In the case of a tie the pot (sum of all bets made during round) is split between players.
AI Development Strategy
There are a finite number of cards, and a finite possible combination of cards that make up all the valid states of every poker hand. This is great because it means that the end goal of finding the best possible hand from a Bot’s two pocket cards, and the 5 table cards can be modeled as a series of Markov state transitions [initial hands, the flop, turn and river].
Creating Training Data
Using the AI class I generate large samples of training data, containing 4 states. The first being the two cards dealt to a player, the second is the flop, the third the turn and the fourth the river and the whole table. The values are comma separated, and saved into the training.txt file.
Pre-Processing the Data
First the training data is labeled with a classification class written in Java called Neuron. This classifier is unsupervised, and will likely become relevant again downstream. For now it simply labels the training data.
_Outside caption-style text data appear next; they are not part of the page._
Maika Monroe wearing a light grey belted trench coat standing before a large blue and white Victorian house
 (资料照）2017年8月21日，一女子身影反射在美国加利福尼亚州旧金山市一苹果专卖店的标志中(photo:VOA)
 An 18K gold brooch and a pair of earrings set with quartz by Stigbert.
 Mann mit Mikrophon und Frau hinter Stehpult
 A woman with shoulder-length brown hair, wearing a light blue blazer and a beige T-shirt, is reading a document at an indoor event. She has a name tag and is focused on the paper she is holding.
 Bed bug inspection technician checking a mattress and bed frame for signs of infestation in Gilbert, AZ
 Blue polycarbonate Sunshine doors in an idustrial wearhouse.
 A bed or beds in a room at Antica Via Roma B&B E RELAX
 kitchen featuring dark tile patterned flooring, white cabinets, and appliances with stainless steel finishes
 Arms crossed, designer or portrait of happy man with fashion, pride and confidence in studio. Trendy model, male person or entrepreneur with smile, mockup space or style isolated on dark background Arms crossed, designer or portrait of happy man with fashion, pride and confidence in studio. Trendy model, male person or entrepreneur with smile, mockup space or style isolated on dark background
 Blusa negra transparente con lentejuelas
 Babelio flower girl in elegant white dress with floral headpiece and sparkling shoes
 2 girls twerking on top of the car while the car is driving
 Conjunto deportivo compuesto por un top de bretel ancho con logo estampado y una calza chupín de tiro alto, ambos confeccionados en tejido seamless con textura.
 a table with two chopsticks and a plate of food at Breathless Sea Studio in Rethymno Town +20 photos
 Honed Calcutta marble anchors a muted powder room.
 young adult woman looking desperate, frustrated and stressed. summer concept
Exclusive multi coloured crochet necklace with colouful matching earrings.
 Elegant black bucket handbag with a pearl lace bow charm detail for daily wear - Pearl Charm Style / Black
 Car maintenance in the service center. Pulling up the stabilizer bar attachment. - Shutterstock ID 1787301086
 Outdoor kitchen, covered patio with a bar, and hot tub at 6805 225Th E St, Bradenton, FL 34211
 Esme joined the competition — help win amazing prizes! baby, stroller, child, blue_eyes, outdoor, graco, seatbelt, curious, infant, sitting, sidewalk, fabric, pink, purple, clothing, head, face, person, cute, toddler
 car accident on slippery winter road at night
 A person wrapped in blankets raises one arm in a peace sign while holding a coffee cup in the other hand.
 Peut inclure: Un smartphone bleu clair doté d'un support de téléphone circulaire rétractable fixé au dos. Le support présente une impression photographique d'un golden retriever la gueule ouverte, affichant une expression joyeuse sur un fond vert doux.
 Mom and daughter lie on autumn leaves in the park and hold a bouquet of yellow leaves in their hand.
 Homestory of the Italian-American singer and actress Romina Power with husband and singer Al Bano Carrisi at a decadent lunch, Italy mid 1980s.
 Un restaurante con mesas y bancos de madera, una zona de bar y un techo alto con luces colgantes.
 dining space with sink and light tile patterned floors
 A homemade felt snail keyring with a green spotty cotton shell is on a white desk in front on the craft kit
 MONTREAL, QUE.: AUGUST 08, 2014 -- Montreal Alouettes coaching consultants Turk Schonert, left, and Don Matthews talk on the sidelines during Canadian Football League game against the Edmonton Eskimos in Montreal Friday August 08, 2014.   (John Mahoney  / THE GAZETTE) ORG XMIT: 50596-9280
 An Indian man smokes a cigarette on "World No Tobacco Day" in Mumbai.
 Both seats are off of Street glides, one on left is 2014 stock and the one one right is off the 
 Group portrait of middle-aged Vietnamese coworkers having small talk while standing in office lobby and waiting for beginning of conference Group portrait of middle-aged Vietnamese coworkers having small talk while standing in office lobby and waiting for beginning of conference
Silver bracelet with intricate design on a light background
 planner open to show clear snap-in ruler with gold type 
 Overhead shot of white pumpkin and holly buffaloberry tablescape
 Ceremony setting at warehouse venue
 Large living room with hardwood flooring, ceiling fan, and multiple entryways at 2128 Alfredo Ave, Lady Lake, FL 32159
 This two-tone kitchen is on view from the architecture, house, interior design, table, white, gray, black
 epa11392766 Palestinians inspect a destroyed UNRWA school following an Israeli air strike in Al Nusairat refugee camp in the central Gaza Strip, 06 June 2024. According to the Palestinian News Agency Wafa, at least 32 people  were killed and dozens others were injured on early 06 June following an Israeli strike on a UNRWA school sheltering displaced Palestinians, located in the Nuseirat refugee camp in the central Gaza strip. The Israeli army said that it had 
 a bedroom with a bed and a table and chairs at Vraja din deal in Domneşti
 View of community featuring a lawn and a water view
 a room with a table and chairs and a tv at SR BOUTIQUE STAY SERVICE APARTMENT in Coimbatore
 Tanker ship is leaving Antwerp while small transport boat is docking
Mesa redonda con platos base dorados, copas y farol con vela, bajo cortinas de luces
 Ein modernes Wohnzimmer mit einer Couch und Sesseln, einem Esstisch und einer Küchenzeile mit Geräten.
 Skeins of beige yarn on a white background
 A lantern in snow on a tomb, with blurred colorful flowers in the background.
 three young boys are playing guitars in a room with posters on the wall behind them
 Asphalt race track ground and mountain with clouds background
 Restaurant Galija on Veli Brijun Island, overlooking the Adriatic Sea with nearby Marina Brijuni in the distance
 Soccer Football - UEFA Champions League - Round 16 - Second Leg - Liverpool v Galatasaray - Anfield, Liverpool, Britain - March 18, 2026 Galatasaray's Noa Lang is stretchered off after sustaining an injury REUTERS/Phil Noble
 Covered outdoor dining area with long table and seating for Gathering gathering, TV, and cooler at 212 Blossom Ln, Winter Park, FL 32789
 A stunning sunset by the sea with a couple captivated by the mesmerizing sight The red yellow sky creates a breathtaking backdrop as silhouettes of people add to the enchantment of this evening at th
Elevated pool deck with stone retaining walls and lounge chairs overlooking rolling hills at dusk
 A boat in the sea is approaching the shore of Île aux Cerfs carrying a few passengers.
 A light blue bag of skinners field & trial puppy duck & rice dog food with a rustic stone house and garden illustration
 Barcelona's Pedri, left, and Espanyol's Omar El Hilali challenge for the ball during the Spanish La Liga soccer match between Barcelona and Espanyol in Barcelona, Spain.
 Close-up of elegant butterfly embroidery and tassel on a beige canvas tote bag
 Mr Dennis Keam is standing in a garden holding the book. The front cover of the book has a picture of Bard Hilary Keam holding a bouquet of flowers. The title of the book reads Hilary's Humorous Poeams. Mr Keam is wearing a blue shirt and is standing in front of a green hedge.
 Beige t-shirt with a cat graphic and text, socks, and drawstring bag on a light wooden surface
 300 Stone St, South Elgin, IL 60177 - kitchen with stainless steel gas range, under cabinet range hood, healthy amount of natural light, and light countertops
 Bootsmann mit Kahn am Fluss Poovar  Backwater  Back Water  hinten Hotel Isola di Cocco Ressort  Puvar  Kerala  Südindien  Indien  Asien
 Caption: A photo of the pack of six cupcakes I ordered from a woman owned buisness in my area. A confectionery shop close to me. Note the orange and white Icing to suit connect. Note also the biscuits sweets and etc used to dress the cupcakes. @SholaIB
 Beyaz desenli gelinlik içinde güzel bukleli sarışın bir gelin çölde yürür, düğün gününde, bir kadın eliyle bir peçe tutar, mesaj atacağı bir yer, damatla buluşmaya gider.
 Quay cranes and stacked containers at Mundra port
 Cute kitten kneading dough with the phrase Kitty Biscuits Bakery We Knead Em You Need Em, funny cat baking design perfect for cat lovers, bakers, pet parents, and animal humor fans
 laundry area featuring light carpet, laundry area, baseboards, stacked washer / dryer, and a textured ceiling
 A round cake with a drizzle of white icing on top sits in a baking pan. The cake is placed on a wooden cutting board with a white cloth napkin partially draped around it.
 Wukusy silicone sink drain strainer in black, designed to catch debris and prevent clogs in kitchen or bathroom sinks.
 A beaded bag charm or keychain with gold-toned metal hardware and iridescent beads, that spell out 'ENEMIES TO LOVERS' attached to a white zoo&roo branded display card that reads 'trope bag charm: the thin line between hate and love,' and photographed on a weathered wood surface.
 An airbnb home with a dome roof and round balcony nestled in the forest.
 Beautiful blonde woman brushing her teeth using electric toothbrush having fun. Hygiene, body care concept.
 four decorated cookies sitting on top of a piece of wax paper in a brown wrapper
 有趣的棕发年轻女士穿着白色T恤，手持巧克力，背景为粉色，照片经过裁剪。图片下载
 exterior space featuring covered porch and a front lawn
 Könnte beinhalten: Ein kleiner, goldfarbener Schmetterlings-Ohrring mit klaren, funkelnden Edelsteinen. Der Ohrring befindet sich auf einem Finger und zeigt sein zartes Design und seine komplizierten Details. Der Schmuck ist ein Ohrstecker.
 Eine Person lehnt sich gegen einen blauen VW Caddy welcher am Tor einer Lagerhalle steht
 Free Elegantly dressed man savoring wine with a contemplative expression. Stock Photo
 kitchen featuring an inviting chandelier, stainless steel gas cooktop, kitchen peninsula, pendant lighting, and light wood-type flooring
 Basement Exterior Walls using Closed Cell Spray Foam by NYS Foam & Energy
After passing through Neuron, the training data has been properly labeled and is therefore ready a more complicated Neural Network structure that will be written in Python.
Learning From Training Data
The goal is that by providing a network with a very large set of 4 consecutive sequences of Cards, with a final logical outcome label, the intent is to create an ability to use Decision Trees and AutoEncoding to select favorable actions at any given state (based on the learned knowledge of which decisions are best).
To do this, the program will first start generating lots of random hands, and figure out the distribution of Poker hands that emerge from the sequence of cards dealt during the round. As a more precise distribution of hands grows as the number of total sample hands grows, the decision making process for potential options at each given state (Pre-Flop, Flop, etc.) depending on the hand dealt.
At about 1000 Hands we find that NO Royal Flushes were dealt. On the other end, about 20% of the time no hands were hit (only high card). The bulk of the distribution is at a Pair ~43% of the time, Two Pair ~25% of the time, 3 of a Kind at ~5%, Flush was dealt ~2% of the time, Full House ~3% of the time, and a Four of a Kind and Straight Flush were dealt less than 1% of the time. Upon initial inspection this distribution seems fairly realistic for what a play could expect to be dealt after 1000 hands.
Using these odds we assign initial weights to each hand as shown below.
AI Development: Computers Counting Cards
At this point, the program is capable of generating lots of training data, labeling and classifying this data, and making some initial observations about the output. The next step will be to start looking at each STATE with respect to the final outcome, and start using knowledge of outcomes to start creating weights based on the expectations the program has about what could happen based on what already has happened.
Training data is created and labeled with the gentraindata.sh script.